Credit: Christian Grupe/KIT

This news release is available in German.

A team of physicists has succeeded in performing an extraordinary experiment: They demonstrated how magnetism that generally manifests itself by a force between two magnetized objects acts within a single molecule. This discovery is of high significance to fundamental research and provides scientists with a new tool to better understand magnetism as an elementary phenomenon of physics. The researchers published their results in the latest issue of Nature Nanotechnology (doi: 10.1038/nnano.2013.133).

The smallest unit of a magnet is the magnetic moment of a single atom or ion. If two of these magnetic moments are coupled, two options result: Either the magnetic moments add up to a stronger moment or they compensate each other and magnetism disappears. From the quantum physics point of view, this is referred to as a triplet or singlet. A team of researchers around Professor Mario Ruben from Karlsruhe Institute of Technology and Professor Heiko B. Weber from the Friedrich-Alexander-Universität Erlangen-Nürnberg now wanted to find out whether the magnetism of a pair of magnetic moments can be measured electrically in a single molecule.

For this purpose, the team headed by Mario Ruben used a customized molecule of two cobalt ions for the experiment. At Erlangen, Heiko B. Weber and his team studied the molecule in a so-called single-molecule junction. This means that two metal electrodes are arranged very closely to each other, such that the molecule of about 2 nm in length is kept stable between these electrodes for many days, while current through the junction can be measured. This experimental setup was then exposed to various, down to very deep, temperatures.
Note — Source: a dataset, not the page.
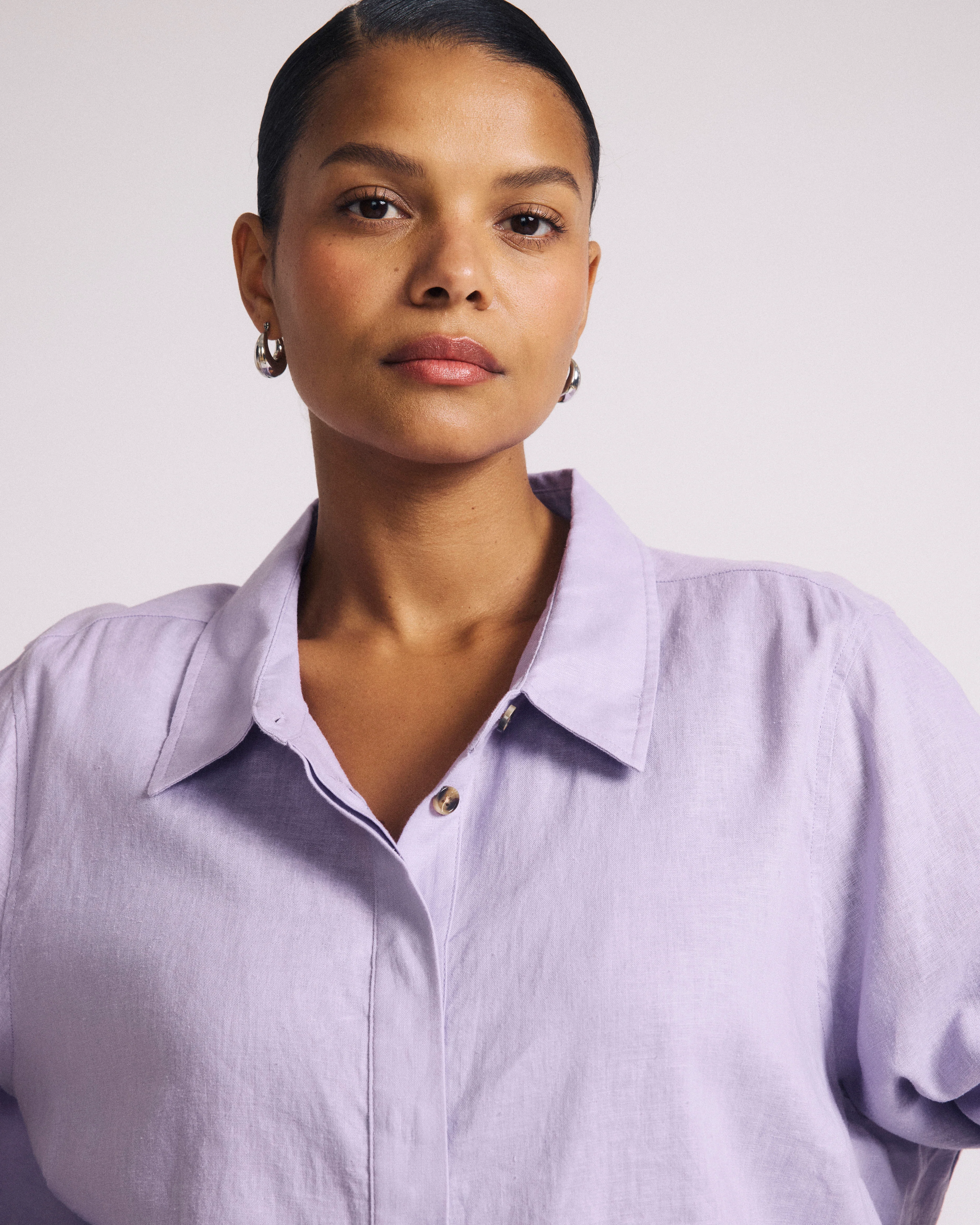 Elbe Stretch Linen Shirt - Orchid - Image 2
The scientists found that magnetism can be measured in this way. The magnetic state in the molecule became visible as Kondo anomaly. This is an effect that makes electric resistance shrink towards deep temperatures. It occurs only when magnetism is active and, hence, may be used as evidence. At the same time, the researchers succeeded in switching this Kondo effect on and off via the applied voltage. A precise theoretical analysis by the group of Assistant Professor Karin Fink from Karlsruhe Institute of Technology determines the various complex quantum states of the cobalt ion pair in more detail. Hence, the researchers succeeded in reproducing elementary physics in a single molecule.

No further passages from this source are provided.